The default choice in Bison is to shift. Therefore here, the parser will produce the second incorrect AST.

To fix these ambiguities one must declare precedence rules for the operators and some keywords. If you look for “Declare precedence rules” in tiger_parser.yy you will find at this stage

%nonassoc FUNCTION VAR TYPE DO OF ASSIGN;
%left UMINUS;

It means that FUNCTION, VAR, and so on are not associative. It also means that the unary minus (denoted by UMINUS) is associative left (not that it matters for an unary operator), and that it has a higher precedence than FUNCTION, VAR, and so on, because it is declared after them.

As an example, + should be associative left, and have a precedence lower (“be declared before”) than the unary minus, because you want -4+5 to be parsed as (-4)+5, not as -(4+5).

▶ Add precedence rules until you fix all the shift/reduce and reduce/reduce conflicts in the parser. Check that you correctly parse arithmetic expressions such as 1+2*3, 5-2-1 or -4+5.

Adding support for the boolean OR operator

To simplify subsequent phases in the compiler, boolean operators are translated to an IfThenElse AST node. Indeed, due to Tiger’s lazy evaluation of boolean operators, a & b is semantically equivalent to the following code,

if (a) then (if (b) then 1 else 0) else 0 

▶ Add support for | (OR) boolean operator in the parser. Do not produce a BinaryOperator node, use an IfThenElse node with a construction similar to the one used by the & (AND) operator.

▶ Test that your compiler recognizes the new constructs.

Adding support for if then else constructs

▶ Add support for if then else and if then constructs to the lexer and parser.

To simplify subsequent phases in the compiler, when you find a naked

if condition then
    body

block replace it by the following equivalent construct,

if condition then
    body
else
    ()

The () corresponds to a Sequence AST node with an empty expression vector.

Be careful to fix any shift/reduce or reduce/reduce conflicts you may introduce. Do not forget to declare the type of the new expression you created and to add it to the list of acceptable expressions.

Implementing an AST evaluator for simple Tiger int expressions

Now that your parser and lexer are complete, we are going to add a new AST iterator that evaluates them to build a simple Tiger calculator.

The AST evaluator should support evaluating the following AST nodes:

  • An IntegerLiteral evaluates to its integer value.

  • A BinaryOperator evaluates to the result between the two operands. For boolean operators 1 is true and 0 is false.

  • A Sequence evaluates all its sub-expressions, and evaluates to the value of its last sub-expression. An empty sequence should raise an error and terminate the evaluation.

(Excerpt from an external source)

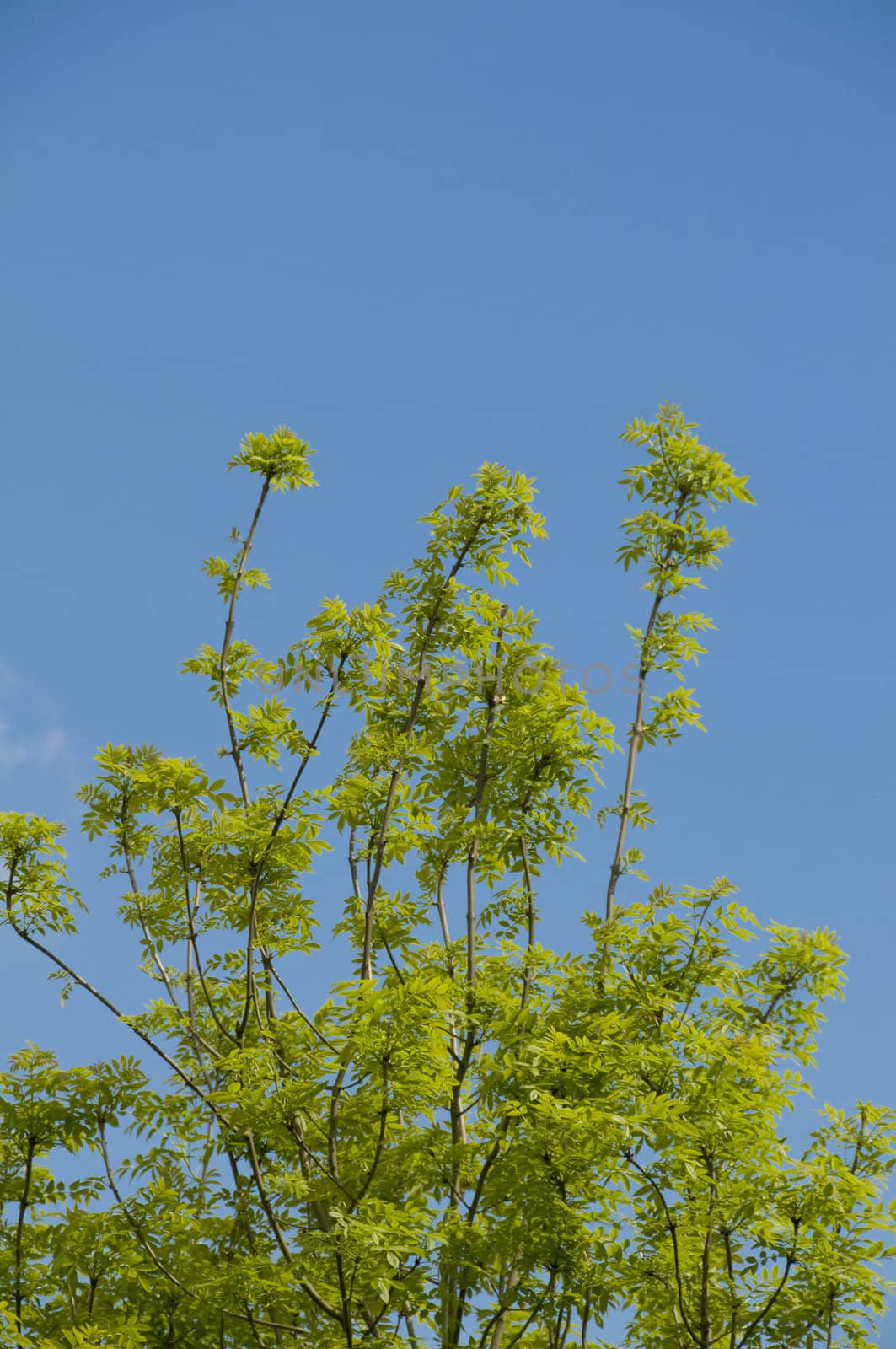 A tree top with a clear blue sky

  • A IfThenElse block evaluates to the value of the then or else branch depending if the condition is true or false. The other branch is not evaluated at all.

All the other nodes should raise an error when evaluated.

The evaluator can be called with the -e (and --eval) command line option. It should work as follows,

$ echo "2*3" | src/driver/dtiger -e -
6

Please ensure that your implementation works exactly as above so that this work can be graded automatically.

When using both -e and --dump-ast, an error should be triggered.

Errors should be raised with the util/errors.hh functions and should be fatal.

The evaluator should reside in the src/ast directory in the ast namespace and extend the class ConstASTIntVisitor.

▶ Implement the Evaluator as described above.